Practiquemos el perdón (si viene a cuento)

Todos tenemos a alguien así en nuestras vidas: una de esas personas que se hace querer, que a veces nos saca de quicio y nos obliga a hacer esfuerzos ímprobos para no odiarla, que cuando nos lleva a ese extremo, a veces demasiado a menudo, tenemos que buscar mil y una formas de justificarla, las buscamos consciente e inconscientemente, y casi siempre las encontramos. Otras veces sucede que nos pierde la adoración, supongo que por aquello de que el amor es ciego, quién sabe. 

Con esa persona, suele pasar, gastamos una parte importantísima de nuestro tiempo y, claro, aunque el roce haga el cariño, también hace amores reñidos.
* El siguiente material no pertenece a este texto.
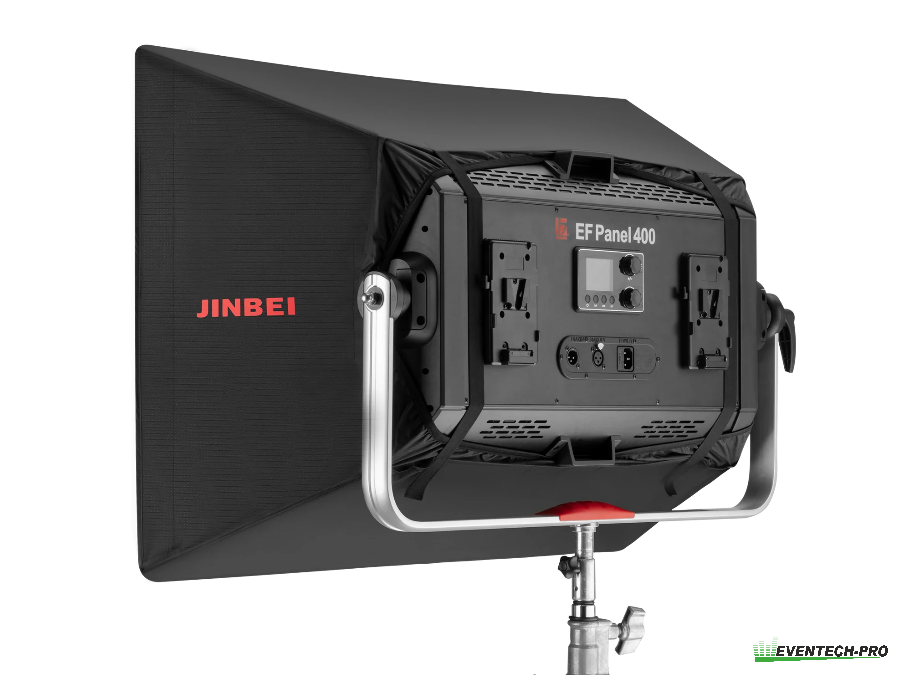 Jinbei Softbox für EFP-400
Por ella y con ella reímos, pensamos, lloramos, sufrimos y nos divertimos cada vez que la ocasión lo permite. Su juicio es el que más tememos, por eso lo evitamos, le escondemos la cara, cualquier excusa es buena para no oírlo.
Si todo va bien, la sensación no puede ser más placentera: flotamos en el aire porque esa persona nos quiere, nos mima, nos piensa guapos y se enorgullece de nosotros. Cuando las cosas se tuercen llega la falta de apetito, la cabeza baja, los desvelos, las ojeras, los pies que se arrastran por el suelo, el desaliento y el vacío que produce saberse rechazado, denostado, penalizado, enjuiciado.
La verdad es que, me parece a mí, todo sería más fácil si ambas partes hiciesen un esfuerzo por conocerse mejor, por entender lo que a cada uno le sucede y por qué. Lo más importante, y esto lo aprendí de un buen amigo, es practicar el perdón. ¿Por qué no perdonar a alguien tan próximo lo que seguramente disculparíamos a cualquier otro de los que andan ahí fuera, conocidos y desconocidos?


Llegados hasta aquí, ¿sabéis ya de quién os estoy hablando? Exacto: de nosotros mismos.